However, there is debate among developmental psychologists about the procedural character of the process through which children express their confidence. For example, 3-, 4-, and 5-year-olds exhibit parallel opting-out responses and verbal confidence reports (Lyons & Ghetti, 2013). This is interpreted as evidence that children’s confidence evaluations are based on a self-attribution process, where children report their own mental states. This particular study, however, included a pretest phase where children were trained to link their feelings of uncertainty with verbal reports. Another study demonstrated that, without such training, 3-year-olds are able to adaptively accept or skip trials even if they fail false-belief tests (Bernard et al., 2014).
A critical test of the independence between control-and-monitoring (procedural metacognition) and verbal self-attribution of mental states involves demonstrating metacognitive sensitivity in nonverbal children. A distinction between the two basic metacognitive processes—confidence-based decision and error monitoring—are present in infants as young as 12 and 18 months (Goupil & Kouider, 2016). Although toddlers do not talk about their mental states until their third year of life, another study showed that 20-month-olds can strategically seek help from caregivers by selectively turning to them when they cannot remember the location of a toy (Goupil et al., 2016).
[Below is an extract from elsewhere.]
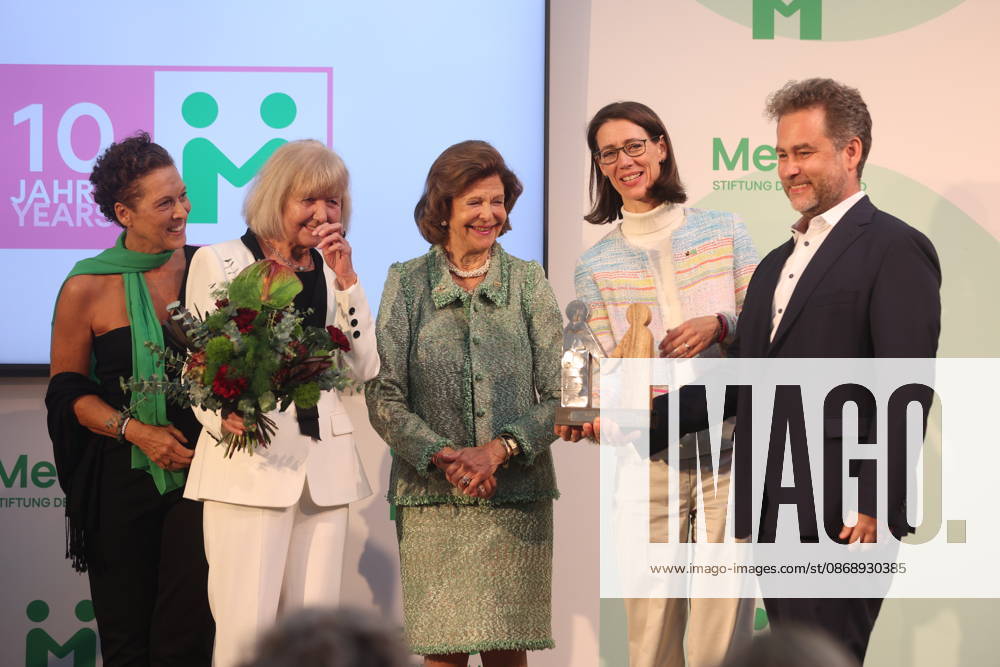 Känigin Silvia von Schweden verleiht Preis auf der Insel Mainau Konstanz Mainau, 0810.2026 Ihre Majestät Königin Silvia von Schweden verleiht bei einem Festakt zum 10-jährigen Jubiläum der Mentor Stiftung Deutschland den Metorpreis. Wärend der Verleiung fiel ihr der Presi herunder und auf die Füße der Preisträgerin. Im Baden- Württemberg Germany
These findings clearly demonstrate that procedural metacognition operates independently of verbal self-attribution of mental states.
Cognitive actions
To clarify the role of metacognition in cognitive actions, it is helpful to consider it in light of the following definition of an action: A behavior qualifies as an action “when its course is subject to adjustments that compensate for the effects of forces that would otherwise interfere with it” (Frankfurt, 1978, p. 160). Cognitive actions are actions whose goal is to acquire information (based on perception, memory, inference, testimony, etc., termed informational goals). Metacognition compensates for interference in the case of cognitive actions: This is why it is part and parcel of cognitive actions. While pragmatic goals are pursued for their instrumental value (e.g., food shopping), informational goals are often pursued on the basis of intrinsic motivations (i.e., motivations that do not depend on having further ends), such as learning or understanding.
Cognitive control
Cognitive control designates the mechanisms responsible for flexibly adapting information processing to the demands of present goals. In spite of its name, it applies to all kinds of action, not only cognitive actions. A main function of cognitive control is to prevent goal conflicts due to competition between different tasks. For example, cognitive control is needed to perform the “Stroop test” where participants must filter out what a color word says (“RED”) to report its ink color (blue). Cognitive control (aka executive control) ensures that agents keep focused on their goal until it is reached and only switch attention to other tasks when it is adaptive to do so.
Metacognitive control and monitoring
Metacognitive control serves functions similar to the control of pragmatic actions: selecting a goal, keeping it active in working memory, updating and redirecting it, and assessing the final outcome. As shown in Table 1, this control structure also applies to metacognition. Metacognition, however, is a specialized form of cognitive control. Rather than simply stabilizing agents’ attention toward a current goal, its role is to optimize the accomplishment of informational goals as a function of time and cognitive resources. As defended by the dual-processing hypothesis, metacognitive control depends on affective and conceptual monitoring.
Affective monitoring is related to information conveyed by feelings that signal opportunities and risks. Felt valence (perceived probability of success or error) elicits a desire to engage or disengage from the current cognitive action. The intensity of a feeling has an arousal value in that it determines the resources to be allocated to a response. In addition, valence and intensity play roles at different stages of the action (see Table 1). Before action, feelings help assess the importance and likely success of a cognitive goal. Curiosity, for example, stimulates agents’ motivation to learn target content that is perceived as currently lacking but learnable. During action, metacognitive feelings signal unexpected difficulties, errors, inadequacies or unexpected progress to the goal. At the end of a cognitive action, feelings assess the outputs for their validity or interest. Their function is to accept correct results and store them in memory for further use.
Table 1. Taxonomy of metacognitive feelings based on action stages (from Goupil & Proust, 2023).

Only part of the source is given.